Я вернулся в гостиницу «Россия» и обнаружил, что там накрыт стол на 250 человек. Горбачева не было, но пришли многие партийные руководители и члены Академии наук. Присутствовал Борис Ельцин, в то время полуоппозиционная фигура; без всякой на то причины он отделился от группы друзей, подошел ко мне, пожал мне руку, а затем снова вернулся к своим. Мне удалось немного поговорить с Еленой. «Николас, я хотела, чтобы Вы пришли», — сказала она. Я счел это обычной вежливостью, но был немало тронут, когда ее дочь Татьяна сказала: «Сомневаюсь, что она сделала это просто из вежливости». Лех Валенса и его друг Адам Михник опоздали на час. Их самолет из Варшавы отправили в Ленинград, поэтому они не успели на похороны. Иностранцев было мало, и я был предоставлен сам себе, а затем оказался за столом вместе с Сергеем Ковалевым, Львом Тимофеевым, Феликсом Световым, Зоей Крахмальниковой и Дмитрием Лихачевым, который несколько часов назад выступал с речью на похоронах. Все они когда-то сидели в тюрьме за свои политические взгляды. А все сидевшие за соседним столом, сытые и хорошо одетые, были академиками и коммунистами; они занимали высокие посты, но были готовы покончить со своим коммунистически прошлым и вскочить в последний вагон уходящего поезда сахаровской славы в надежде, что русский народ простит их или забудет.
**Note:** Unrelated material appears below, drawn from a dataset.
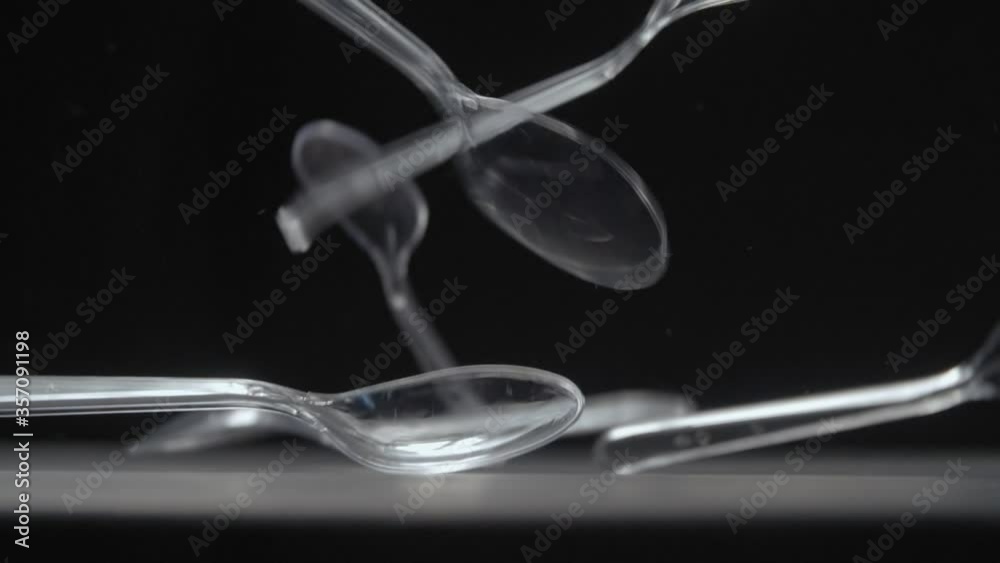 Transperent spoons falls on black background slow motion video. Transperent spoons falls on black background slow motion video.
Мы пили за светлую память Сахарова. Советская система и империя все еще существовала, но почти все политические заключенные были выпущены, цензура стала куда мягче, и Центральная Европа начала освобождаться. В тот же день я услышал репортажи Би-би-си о беспорядках в Бухаресте против режима Чаушеску. Было ясно, что следующим падет румынский диктатор. Каждый человек, сидевший за столом, имел свои собственные причины быть благодарным Сахарову за все происходящее в этих странах. Елена подошла к микрофону и поприветствовала нас. «Я не ожидала, что это случится так скоро», — сказала она голосом, полным тихой скорби. Несколько друзей Андрея проводили ее в зал, потом каждый говорил в течение 5-10 минут. Затем слово взял Ельцин. Мне кажется, мы все уже знали, что он — человек будущего. Затем по очереди выступали члены Академии наук, затрагивая темы, касаться которых пять лет назад было категорически запрещено. Я почувствовал, что пора уходить, и подошел к Елене. Мы обнялись, и я вернулся в свой номер и стал собирать вещи, слушая прогноз Би-би-си о неизбежном крушении социализма в Румынии.
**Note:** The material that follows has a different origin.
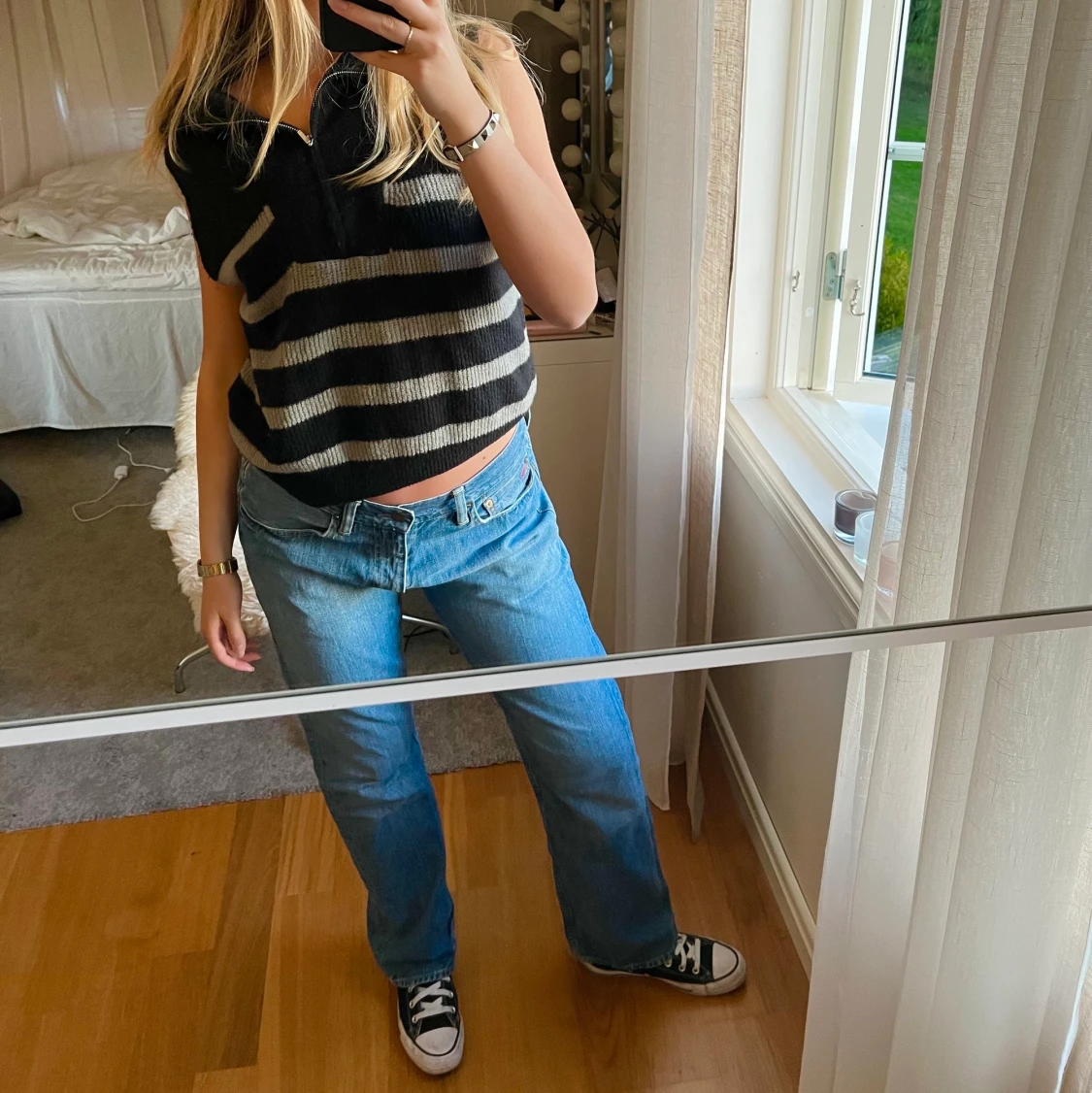 Stickad väst med dragkedja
Опасное десятилетие подходило к концу. Прошло почти десять лет с тех пор, как Брежнев повысил ставки в «холодной войне», введя войска в Афганистан и арестовав Сахарова прямо на улице. Великий ученый умер. Но даже разделяя скорбь всей России, я чувствовал странную бодрость при мысли об этом человеке, достигшем огромных успехов в битве против несправедливости советского режима. Я был счастлив, что смог отдать ему последний долг в день его смерти и триумфа.